● Work to be completed: Below is a listing; print exactly its lines from the one containing "Free Printable Christmas" down to the one containing "Craft Cocktail Funny", both inclusive, with every picture left out.

● Material provided:
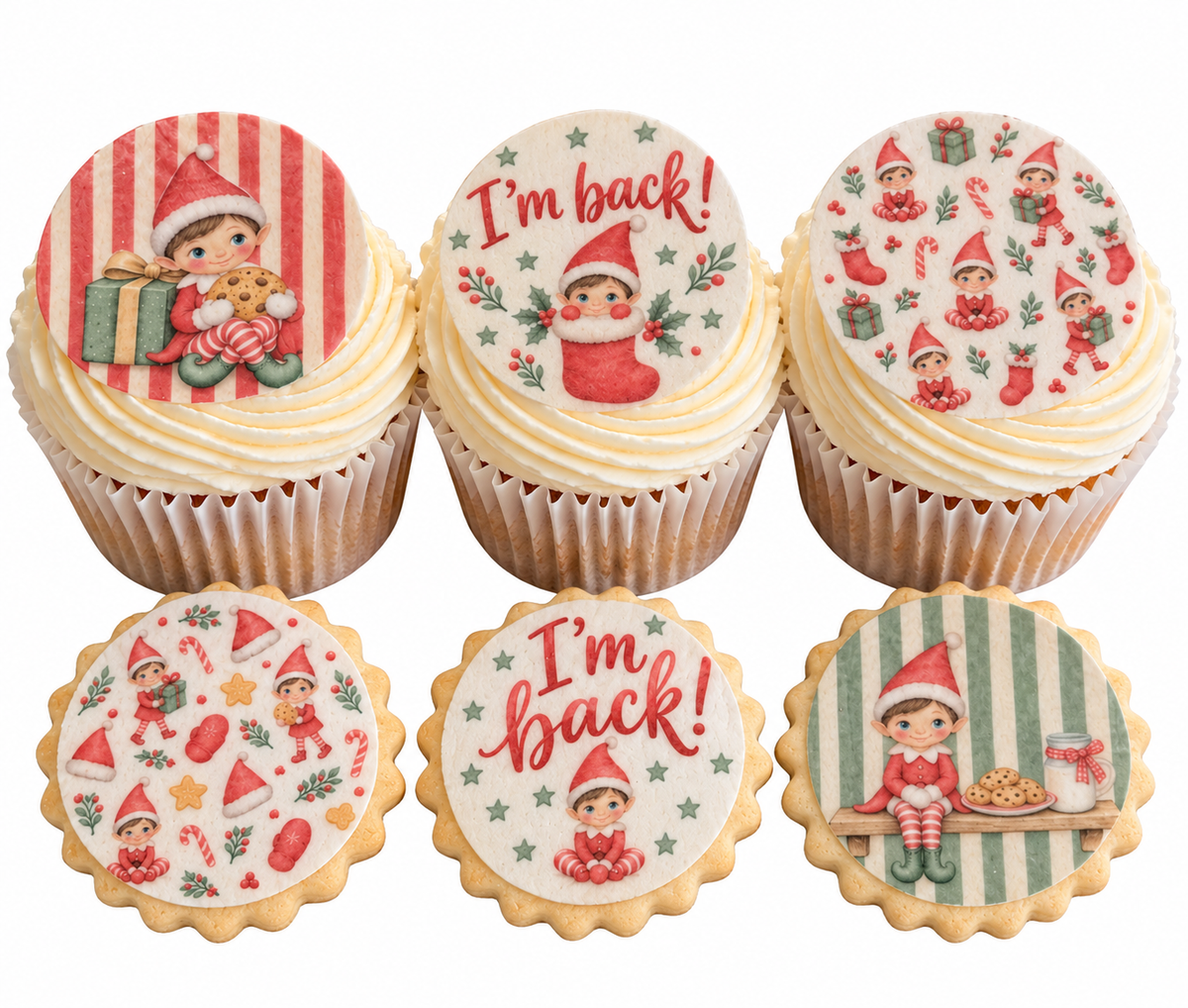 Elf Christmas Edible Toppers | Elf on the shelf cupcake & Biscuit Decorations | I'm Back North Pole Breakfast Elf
* * *
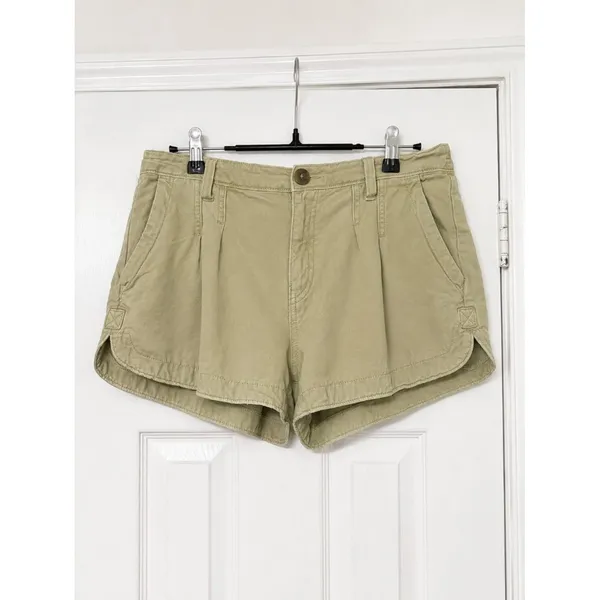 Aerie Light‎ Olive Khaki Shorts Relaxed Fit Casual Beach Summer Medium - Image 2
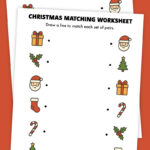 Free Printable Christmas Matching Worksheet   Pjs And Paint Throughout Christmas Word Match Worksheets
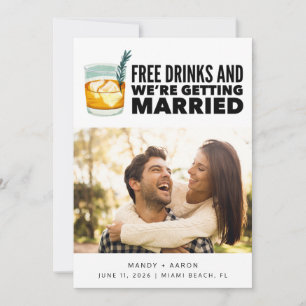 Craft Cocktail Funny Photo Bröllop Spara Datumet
--
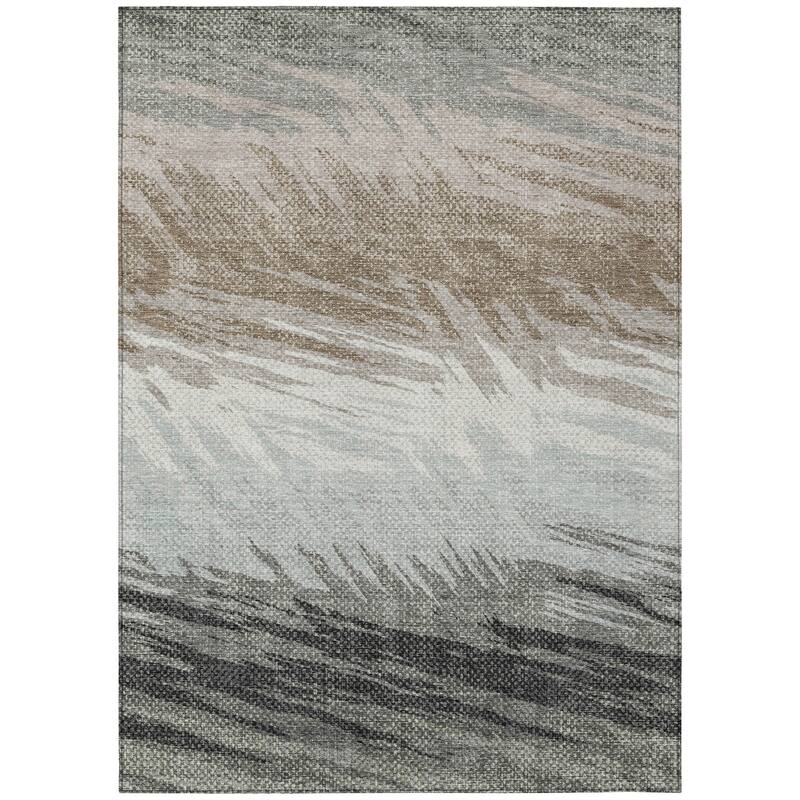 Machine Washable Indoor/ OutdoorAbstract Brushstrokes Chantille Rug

● Result:
 Free Printable Christmas Matching Worksheet   Pjs And Paint Throughout Christmas Word Match Worksheets
 Craft Cocktail Funny Photo Bröllop Spara Datumet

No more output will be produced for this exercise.